ReiseTravel : Ein Problem an vielen deutschen Universitäten und Hochschulen…

Professor von Gerkan: …deshalb habe ich auch vor, eine Eliteschule der Architektur mit eigener Stiftung in Hamburg zu realisieren. Sache und Inhalt stehen bereits. Das Intelligenzpotenzial ist bei unserem Ausbildungsstandard bei weitem nicht ausgeschöpft, teilweise völlig fehlgeleitet, vorgestrig. Da werden Sachverhalte vermittelt, die rein kognitives Wissen sind, das ich aus dem Internet abrufen kann. Die Befähigung, Probleme konzeptionell aus komplexem Zusammenhang zu lösen, ist völlig unterentwickelt.


ReiseTravel: In welchem Umfeld sind Sie besonders kreativ?
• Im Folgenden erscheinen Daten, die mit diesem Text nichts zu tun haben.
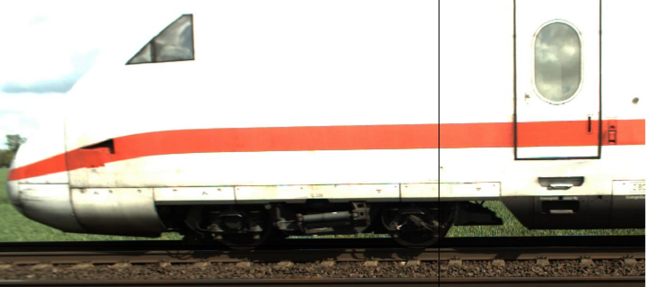 Fig. 2: Record with global-shutter camera (Baumer VLG-22C ), door is aligned properly Global shutter - no geometrical offset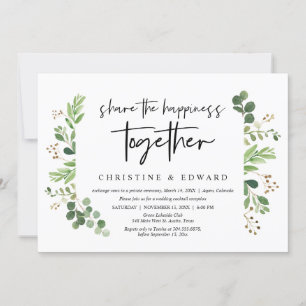 Invitación Comparte la felicidad juntos, Huida de boda
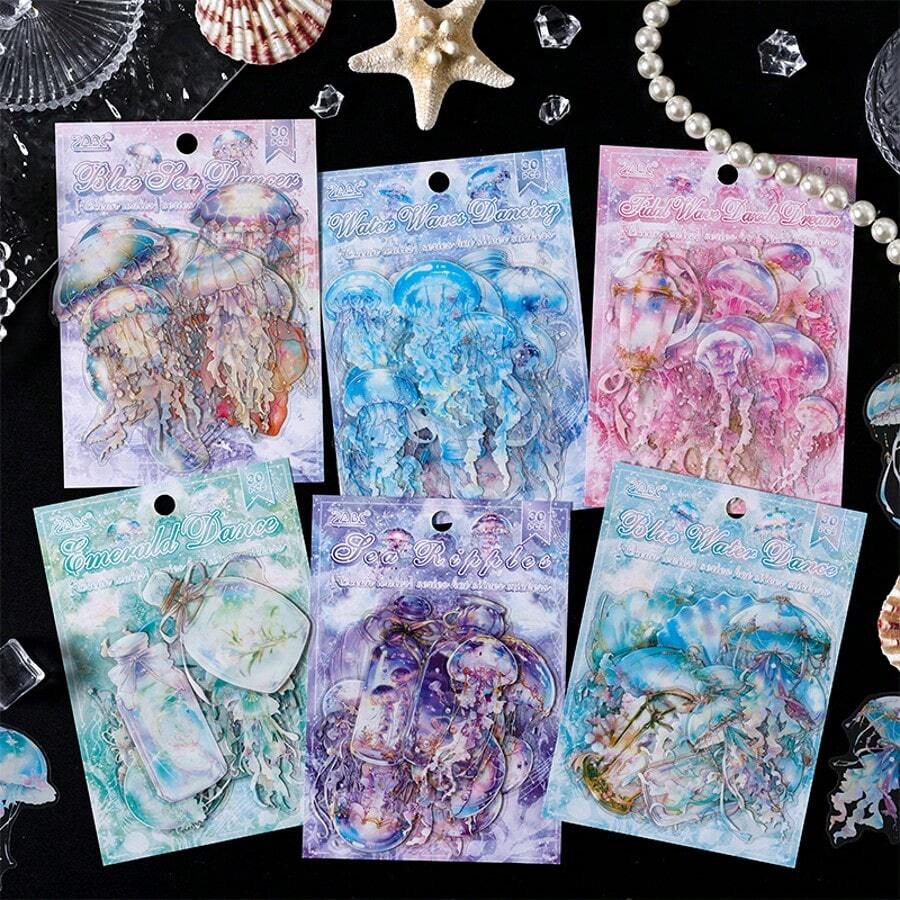 30pcs/Pack Ocean Waltz Jellyfish Scrapbooking Stickers, Premium Diary/Planner Sticker Sheets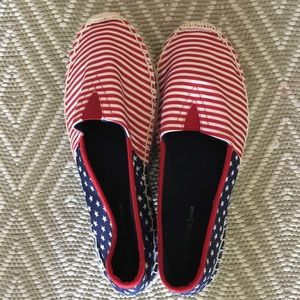 Red, white and blue espadrilles
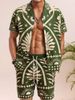 Men's Casual Loose Short Sleeved Shirt Shorts Hawaiian Suit_viptrois.com
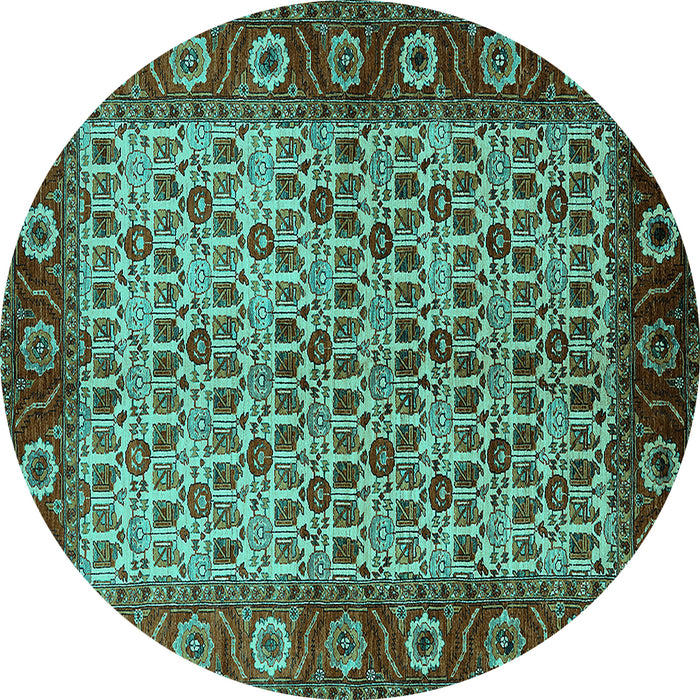 Round Machine Washable Oriental Turquoise Industrial Area Rugs, wshurb1154turq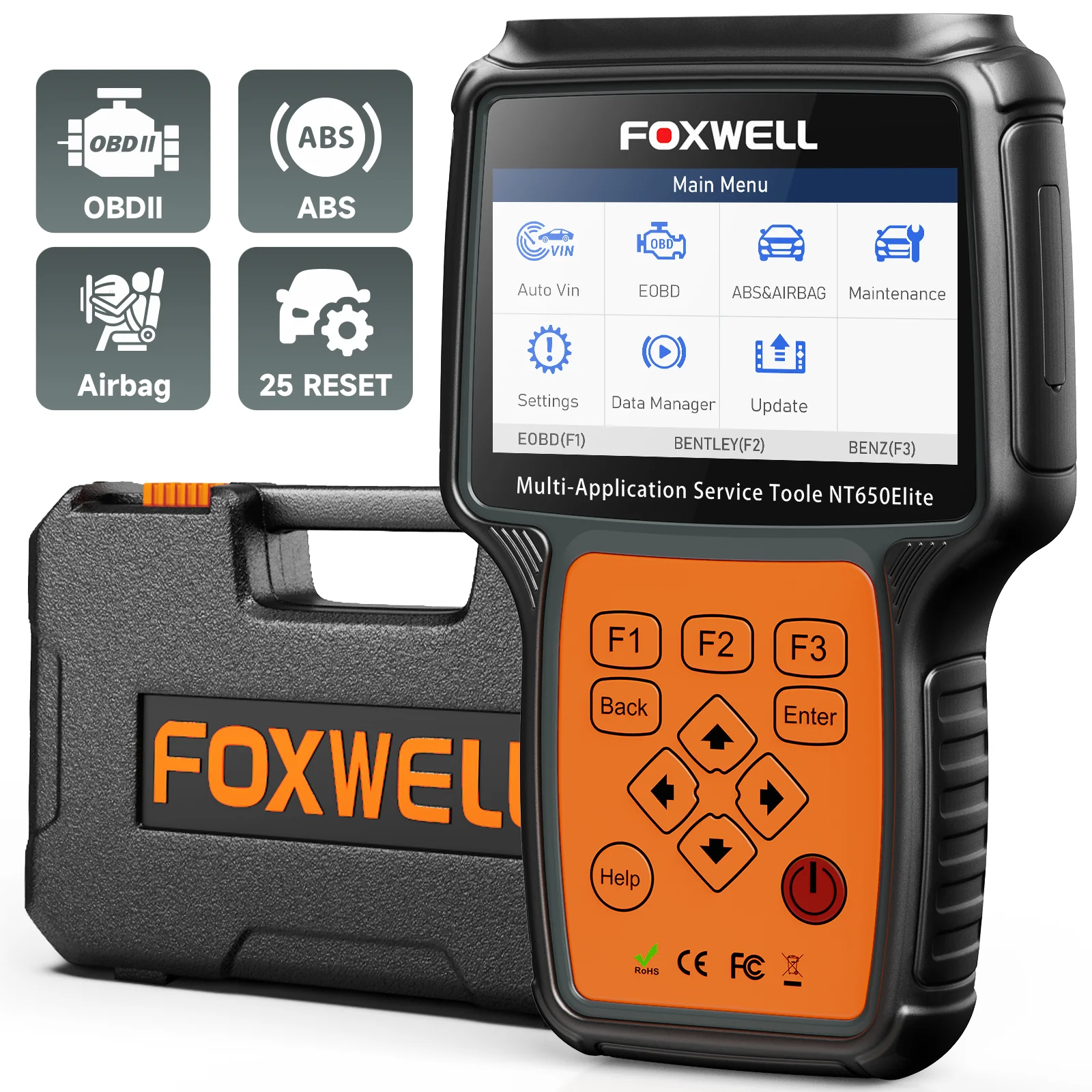 Foxwell NT650 Elite OBD2 Automotive Scanner ABS/SRS/BRT/DPF/TPMS/EPB 26+ Reset Professional Auto Car Diagnostic Tool OBD2 Scanne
Professor von Gerkan: Am kreativsten und effektivsten? Wo Menschen eigentlich nicht arbeiten – im Urlaub. Wenn wir in unserem Haus an der Ostsee oder auf Mallorca sind, das Telefon abgestellt, die Kinder in der Nähe, ein bisschen trinken, ganz entspannt. Ich habe natürlich alle Gerätschaften vor Ort, schließlich haben wir 300 Mitarbeiter. Aber am Computer arbeite ich nicht. Ein älterer Mitarbeiter und ich, wir sind die einzigen, die noch auf Papier zeichnen.


ReiseTravel : In Deutschland wird man demnächst erst ab 67 Jahren in Rente gehen. Sie sind 71Jahre und extrem kreativ und aktiv - wann sollte der Mensch in Rente gehen?

Professor von Gerkan: Wenn er das Ruhebedürfnis hat. Wenn er überzeugt ist, dass die Befreiung von der Arbeit nicht zum Schaden, sondern zum Wohlgefallen reicht. Aber wie es wirklich ist, merkt man meistens erst später.


ReiseTravel : Sehr geehrter Professor von Gerkan, vielen Dank für das Interview.